--- MATERIALS PROVIDED Enclosed Below ---

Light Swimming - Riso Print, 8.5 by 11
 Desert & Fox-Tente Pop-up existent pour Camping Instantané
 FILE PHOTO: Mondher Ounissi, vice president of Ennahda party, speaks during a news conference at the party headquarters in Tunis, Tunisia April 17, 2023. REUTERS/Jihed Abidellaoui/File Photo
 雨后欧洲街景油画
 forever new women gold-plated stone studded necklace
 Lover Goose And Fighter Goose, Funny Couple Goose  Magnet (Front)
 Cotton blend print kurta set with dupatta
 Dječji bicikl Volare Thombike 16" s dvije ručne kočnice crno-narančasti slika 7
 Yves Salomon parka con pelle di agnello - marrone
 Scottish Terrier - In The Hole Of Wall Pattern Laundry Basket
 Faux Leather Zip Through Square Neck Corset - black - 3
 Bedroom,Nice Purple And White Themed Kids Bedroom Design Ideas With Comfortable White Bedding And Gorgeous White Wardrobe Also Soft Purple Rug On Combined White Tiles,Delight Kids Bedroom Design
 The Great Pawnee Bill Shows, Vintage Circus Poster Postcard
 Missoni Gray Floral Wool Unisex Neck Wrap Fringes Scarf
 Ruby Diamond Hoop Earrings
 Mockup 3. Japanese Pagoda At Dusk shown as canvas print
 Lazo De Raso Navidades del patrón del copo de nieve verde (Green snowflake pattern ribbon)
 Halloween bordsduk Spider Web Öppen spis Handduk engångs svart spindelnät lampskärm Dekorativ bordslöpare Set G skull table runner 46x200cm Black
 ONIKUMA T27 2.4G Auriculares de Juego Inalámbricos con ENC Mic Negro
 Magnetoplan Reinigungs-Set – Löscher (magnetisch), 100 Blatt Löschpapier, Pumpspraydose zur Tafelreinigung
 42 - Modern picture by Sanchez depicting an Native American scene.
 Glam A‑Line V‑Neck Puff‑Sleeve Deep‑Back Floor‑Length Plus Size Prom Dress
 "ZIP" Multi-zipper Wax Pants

--- End of Enclosed MATERIALS PROVIDED ---

#### TASK DETAILS:
Please give all of the entries again, exactly as written.

#### REPLY TO THE EXERCISE:
Light Swimming - Riso Print, 8.5 by 11
 Desert & Fox-Tente Pop-up existent pour Camping Instantané
 FILE PHOTO: Mondher Ounissi, vice president of Ennahda party, speaks during a news conference at the party headquarters in Tunis, Tunisia April 17, 2023. REUTERS/Jihed Abidellaoui/File Photo
 雨后欧洲街景油画
 forever new women gold-plated stone studded necklace
 Lover Goose And Fighter Goose, Funny Couple Goose  Magnet (Front)
 Cotton blend print kurta set with dupatta
 Dječji bicikl Volare Thombike 16" s dvije ručne kočnice crno-narančasti slika 7
 Yves Salomon parka con pelle di agnello - marrone
 Scottish Terrier - In The Hole Of Wall Pattern Laundry Basket
 Faux Leather Zip Through Square Neck Corset - black - 3
 Bedroom,Nice Purple And White Themed Kids Bedroom Design Ideas With Comfortable White Bedding And Gorgeous White Wardrobe Also Soft Purple Rug On Combined White Tiles,Delight Kids Bedroom Design
 The Great Pawnee Bill Shows, Vintage Circus Poster Postcard
 Missoni Gray Floral Wool Unisex Neck Wrap Fringes Scarf
 Ruby Diamond Hoop Earrings
 Mockup 3. Japanese Pagoda At Dusk shown as canvas print
 Lazo De Raso Navidades del patrón del copo de nieve verde (Green snowflake pattern ribbon)
 Halloween bordsduk Spider Web Öppen spis Handduk engångs svart spindelnät lampskärm Dekorativ bordslöpare Set G skull table runner 46x200cm Black
 ONIKUMA T27 2.4G Auriculares de Juego Inalámbricos con ENC Mic Negro
 Magnetoplan Reinigungs-Set – Löscher (magnetisch), 100 Blatt Löschpapier, Pumpspraydose zur Tafelreinigung
 42 - Modern picture by Sanchez depicting an Native American scene.
 Glam A‑Line V‑Neck Puff‑Sleeve Deep‑Back Floor‑Length Plus Size Prom Dress
 "ZIP" Multi-zipper Wax Pants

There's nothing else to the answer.